I'm just doing as the apple documentation and examples do. They say
pass it as a reference so I do. That's all I know. :)
--Derrek -
This is excellent to know. What about performance? Performance is
*very* important in this case. A 1% increase can knock hours or days
off of processing time on this size data set. Any performance metrics
available?
--Derrek
On Feb 17, 2008 11:54 AM, glenn andreas <gandreas...> wrote:>
> On Feb 17, 2008, at 10:43 AM, Derrek Leute wrote:
>> The project actually started in cocoa but I moved to CF because
>> NSDictionary forces a string copy for keys. This made memory needs go
>> through the roof (unless I'm misusing or misunderstanding how to use
>> it). CF lets me use anything as a key.
>
> Close but not quite exactly correct.
>
> NSDictionary requires that keys conform to the NSCopying protocol
> because it make a copy of the key (regardless of if it is an NSString,
> or whatever). The important part is that for a non-immutable
> NSString, it will simply increase the reference count - no increase in
> the memory usage at all. If you pass an NSMutableString as a key, it
> will make a (immutable) copy that does, in fact, increase memory usage.
>
> You may wonder why it does this - consider this:
>
> NSMutableString *s1 = [NSMutableString stringWithString: @"abc"];
> NSMutableString *s2 = [NSMutableString stringWithString: @"def"];
> NSMutableDictionary *d = [NSMutableDictionary dictionary];
>
> [d setObject; [NSNumber numberWithInt: 1] forKey: s1];
> [d setObject: [NSNumber numberWithInt: 2] forKey: s2];
> [s1 setString: @"def"];
>
> NSLog(@"%@", [d objectForKey: @"def"]);
>
> If it didn't make an immutable copy, you would end up with two values
> that both have the key "def".
>
> So, if you use immutable objects as keys, your memory usage won't go
> up. If you use mutable objects as keys, it will make a copy because
> if it didn't, bad things would happen.
>
>
> Glenn Andreas <gandreas...>
> <http://www.gandreas.com/> wicked fun!
> quadrium | prime : build, mutate, evolve, animate : the next
> generation of fractal art
>
>
>
> -
On Feb 17, 2008, at 08:43, Derrek Leute wrote:> The project actually started in cocoa but I moved to CF because
> NSDictionary forces a string copy for keys. This made memory needs go
> through the roof (unless I'm misusing or misunderstanding how to use
> it). CF lets me use anything as a key. In some sense I would love to
> be in Cocoa as I had to reimplement NSSet intersection and some other
> little basic things to do this. But it's fast, and it seems to be
> working quite well now. Not to mention that pointer comparison also
> seemed ridiculously faster on this amount of data.

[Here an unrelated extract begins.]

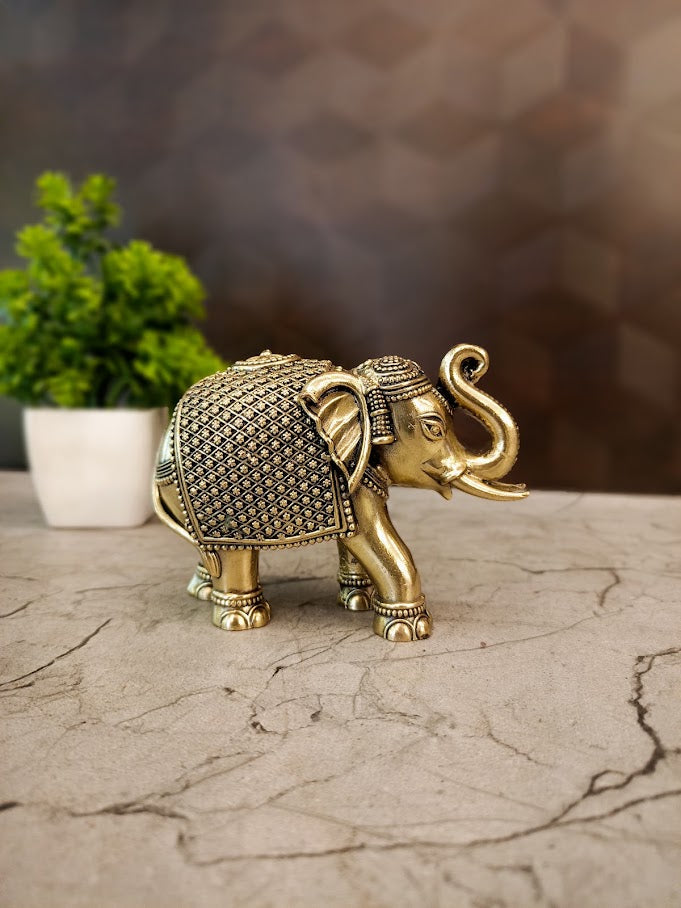 Brass Fine Art Elephant Idol | Premium Traditional Brass Elephant Showpiece for Home, Office & Vastu Decor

Sorry if I'm being dense here, but I don't see how it's NSDictionary's
fault. NSDictionary is only going to copy the key when you insert
something, and (as somebody already pointed out) if the key string is
immutable there may be no actual copying.
It looks like the real problem is that you're creating a large number
of temporary objects (the strings you use to look up the dictionary)
with a lifetime of 1 loop iteration, but doing nothing to reclaim the
unused memory (in the code snippet you showed us, at least). Judicious
use of GC's collectIfNeeded might take care of that.
The reason CFDictionary seems to work better is nothing to do with
string copying per se. It's actually that innocent-looking CFRelease,
which reclaims the memory you used for the temporary string at each
iteration of the loop. In effect, you've switched from GC to pseudo-
non-GC mode for the duration of the loop. :) That's why memory usage
stays moderate. -
It was mostly the immutable issue. I was using mutable strings when I
used NSDictionary as I was unaware that it would simply retain the
immutable version instead of copying them (is this documented
somewhere that I missed?).
When I was using NSDictionary I believe I was releasing the strings in
a balanced fashion. I do realize I'm mixing GC with non-GC which
probably isn't very comprehensible. But there are no apparent leaks
and it is getting the expected output.
Right now it's running very well. The next version I'll try cocoa and
see how I do. :) As this was just a command line utility, I didn't see
an overwhelming need to go beyond core foundation.
Thanks for everyone's help!
On Feb 17, 2008 3:05 PM, Quincey Morris <quinceymorris...> wrote:>
> On Feb 17, 2008, at 08:43, Derrek Leute wrote:
>
>> The project actually started in cocoa but I moved to CF because
>> NSDictionary forces a string copy for keys. This made memory needs go
>> through the roof (unless I'm misusing or misunderstanding how to use
>> it). CF lets me use anything as a key. In some sense I would love to
>> be in Cocoa as I had to reimplement NSSet intersection and some other
>> little basic things to do this. But it's fast, and it seems to be
>> working quite well now. Not to mention that pointer comparison also
>> seemed ridiculously faster on this amount of data.
>
> Sorry if I'm being dense here, but I don't see how it's NSDictionary's
> fault. NSDictionary is only going to copy the key when you insert
> something, and (as somebody already pointed out) if the key string is
> immutable there may be no actual copying.
>
> It looks like the real problem is that you're creating a large number
> of temporary objects (the strings you use to look up the dictionary)
> with a lifetime of 1 loop iteration, but doing nothing to reclaim the
> unused memory (in the code snippet you showed us, at least). Judicious
> use of GC's collectIfNeeded might take care of that.
>
> The reason CFDictionary seems to work better is nothing to do with
> string copying per se. It's actually that innocent-looking CFRelease,
> which reclaims the memory you used for the temporary string at each
> iteration of the loop. In effect, you've switched from GC to pseudo-
> non-GC mode for the duration of the loop. :) That's why memory usage
> stays moderate.
>